What to work on: Once the line with "HIMYM915-00388.jpg" is found, write it out along with each later line exactly, through the end of the entries, skipping every picture.

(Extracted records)
--------------------

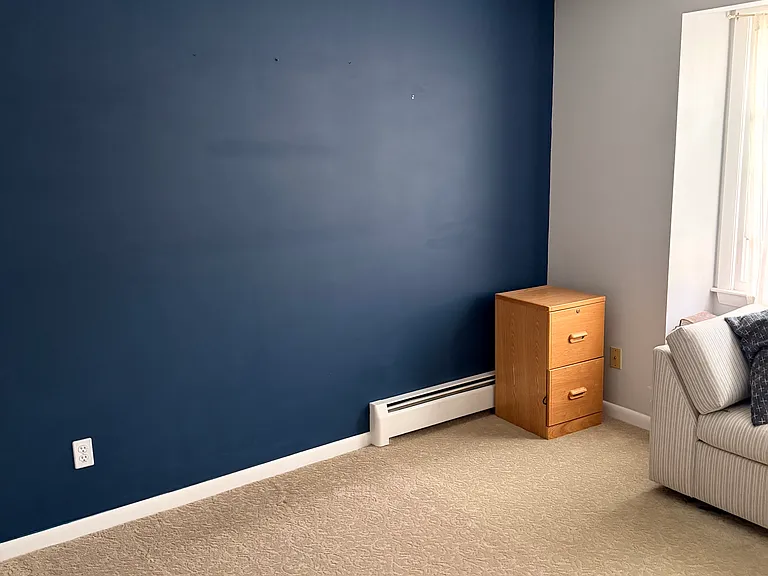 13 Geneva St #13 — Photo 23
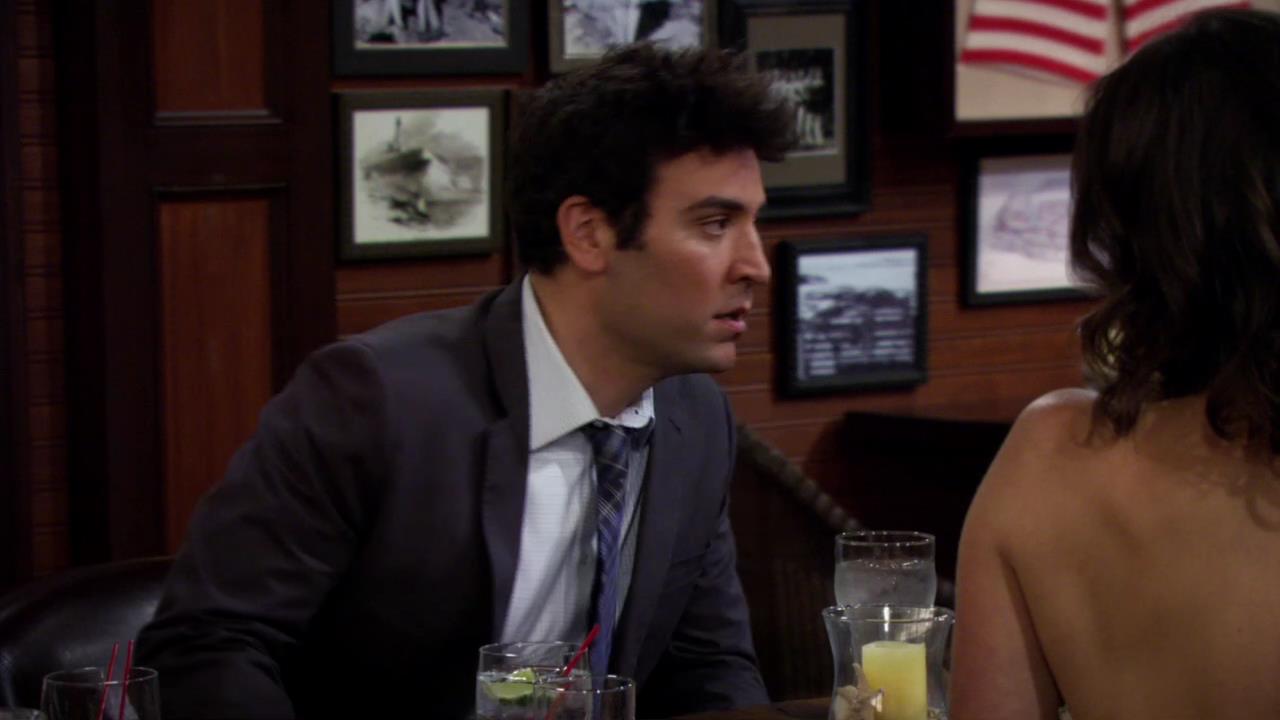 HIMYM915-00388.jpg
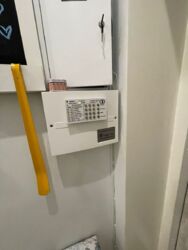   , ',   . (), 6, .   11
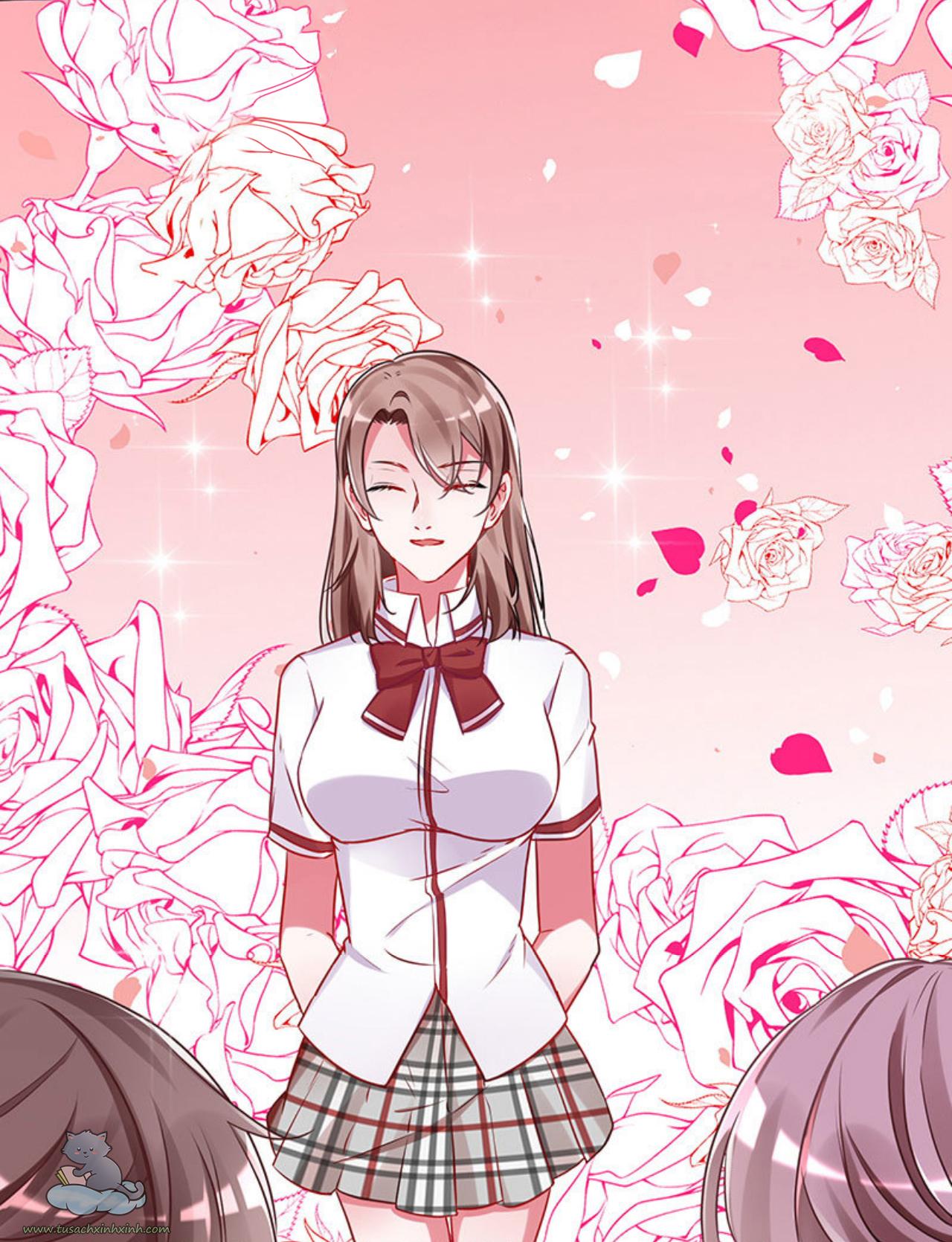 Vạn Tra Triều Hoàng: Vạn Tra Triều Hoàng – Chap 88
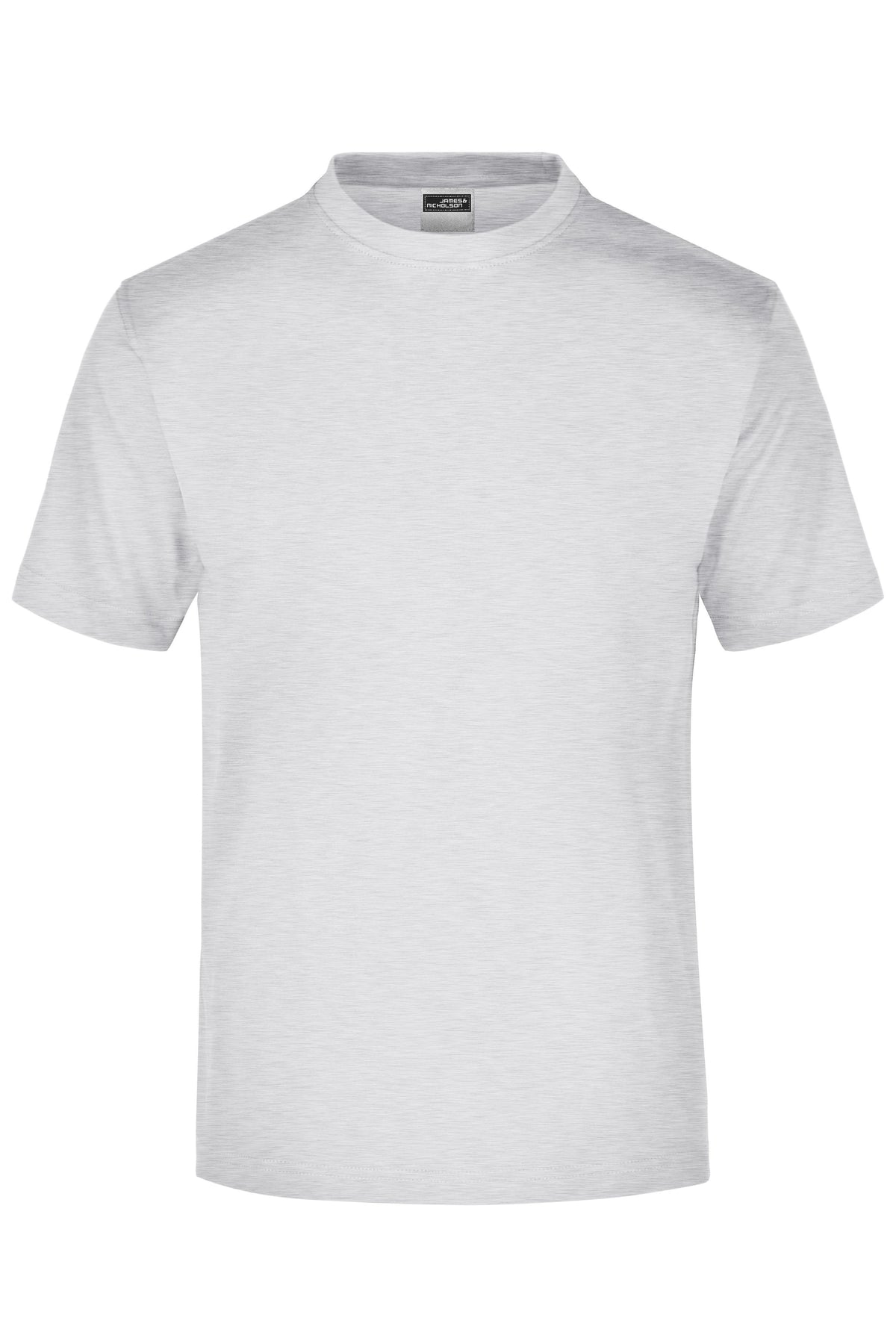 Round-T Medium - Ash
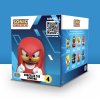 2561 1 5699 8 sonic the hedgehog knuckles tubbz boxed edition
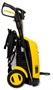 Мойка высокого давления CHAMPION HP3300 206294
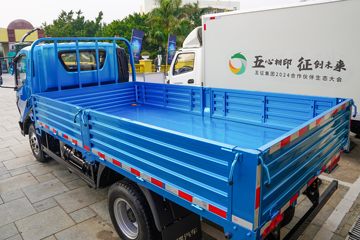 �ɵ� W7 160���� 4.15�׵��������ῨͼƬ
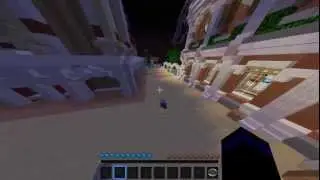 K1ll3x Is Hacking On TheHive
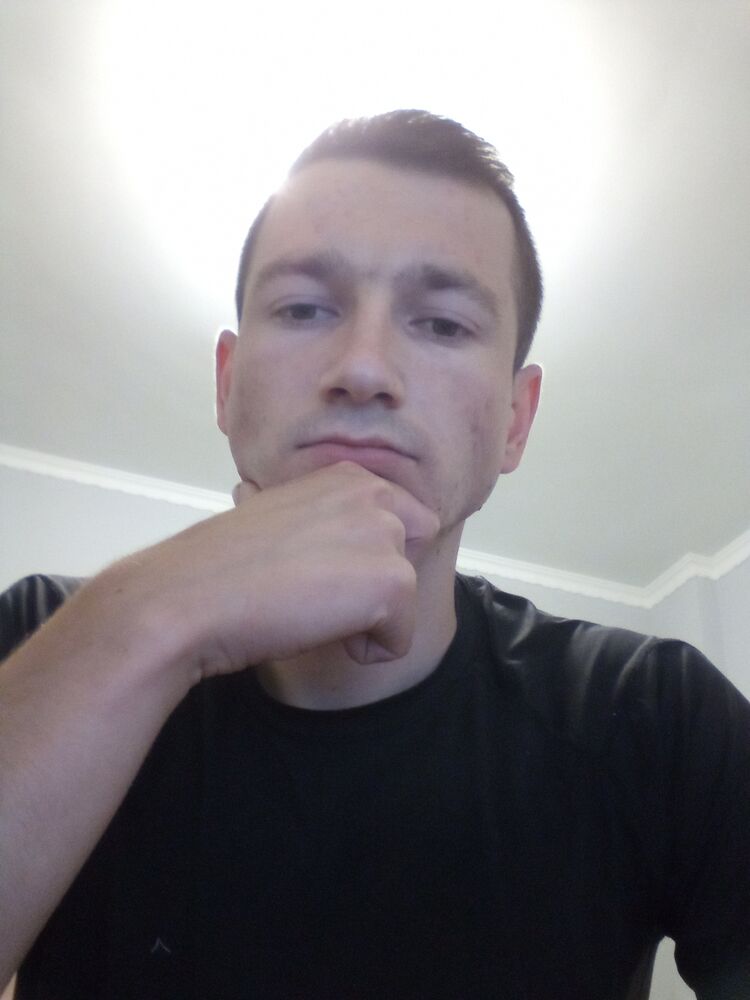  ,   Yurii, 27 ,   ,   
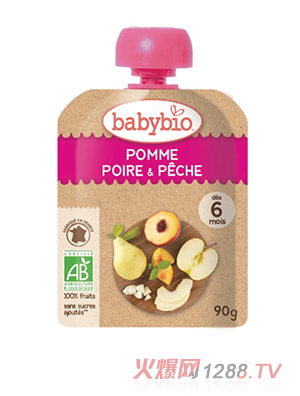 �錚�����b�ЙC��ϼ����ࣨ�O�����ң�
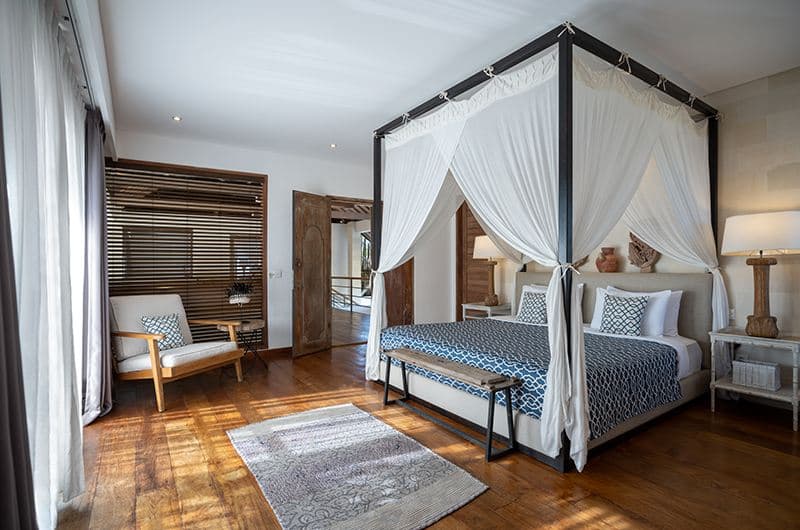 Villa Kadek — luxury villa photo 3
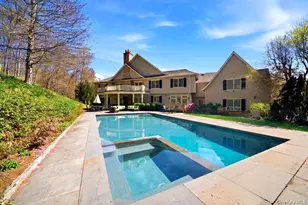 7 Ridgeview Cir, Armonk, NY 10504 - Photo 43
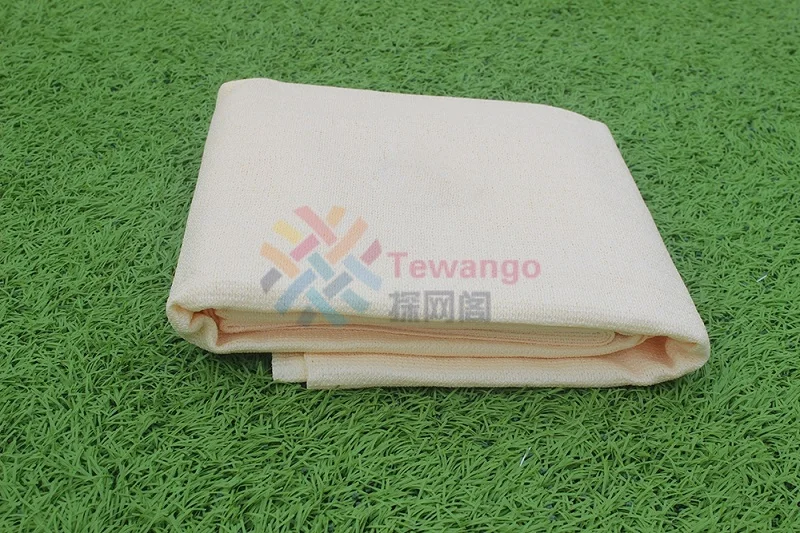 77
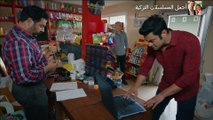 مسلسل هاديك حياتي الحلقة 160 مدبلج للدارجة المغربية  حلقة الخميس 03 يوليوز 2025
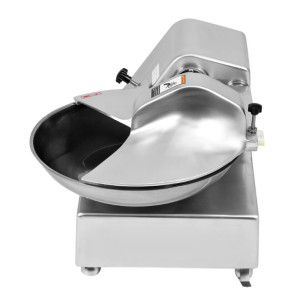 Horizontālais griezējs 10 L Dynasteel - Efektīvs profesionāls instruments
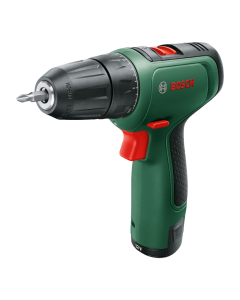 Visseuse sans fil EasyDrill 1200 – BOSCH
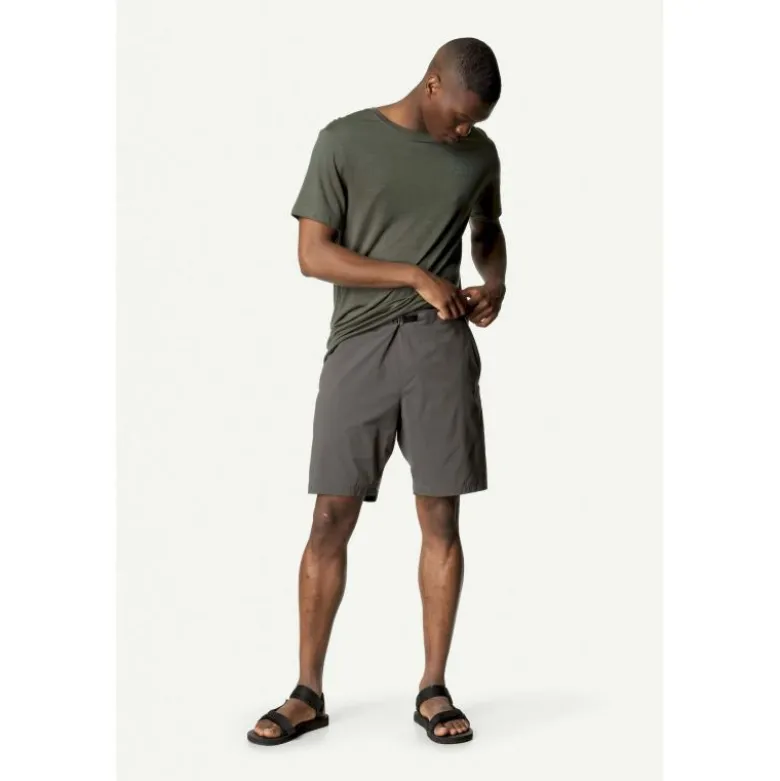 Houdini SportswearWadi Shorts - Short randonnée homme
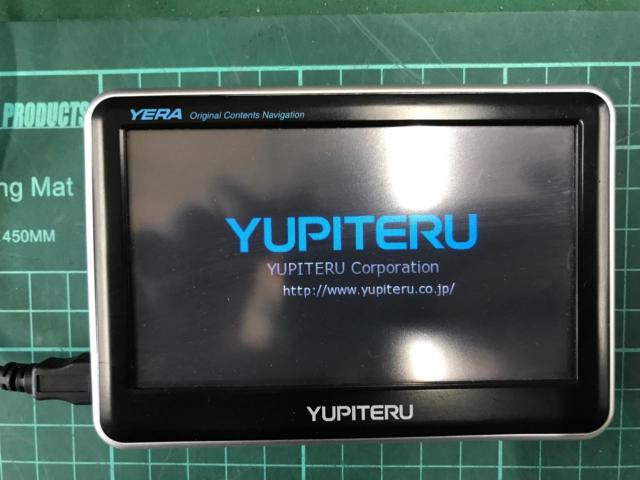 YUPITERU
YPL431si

--------------------

Solution:
 HIMYM915-00388.jpg
   , ',   . (), 6, .   11
 Vạn Tra Triều Hoàng: Vạn Tra Triều Hoàng – Chap 88
 Round-T Medium - Ash
 2561 1 5699 8 sonic the hedgehog knuckles tubbz boxed edition
 Мойка высокого давления CHAMPION HP3300 206294
 �ɵ� W7 160���� 4.15�׵��������ῨͼƬ
 K1ll3x Is Hacking On TheHive
  ,   Yurii, 27 ,   ,   
 �錚�����b�ЙC��ϼ����ࣨ�O�����ң�
 Villa Kadek — luxury villa photo 3
 7 Ridgeview Cir, Armonk, NY 10504 - Photo 43
 77
 مسلسل هاديك حياتي الحلقة 160 مدبلج للدارجة المغربية  حلقة الخميس 03 يوليوز 2025
 Horizontālais griezējs 10 L Dynasteel - Efektīvs profesionāls instruments
 Visseuse sans fil EasyDrill 1200 – BOSCH
 Houdini SportswearWadi Shorts - Short randonnée homme
 YUPITERU
YPL431si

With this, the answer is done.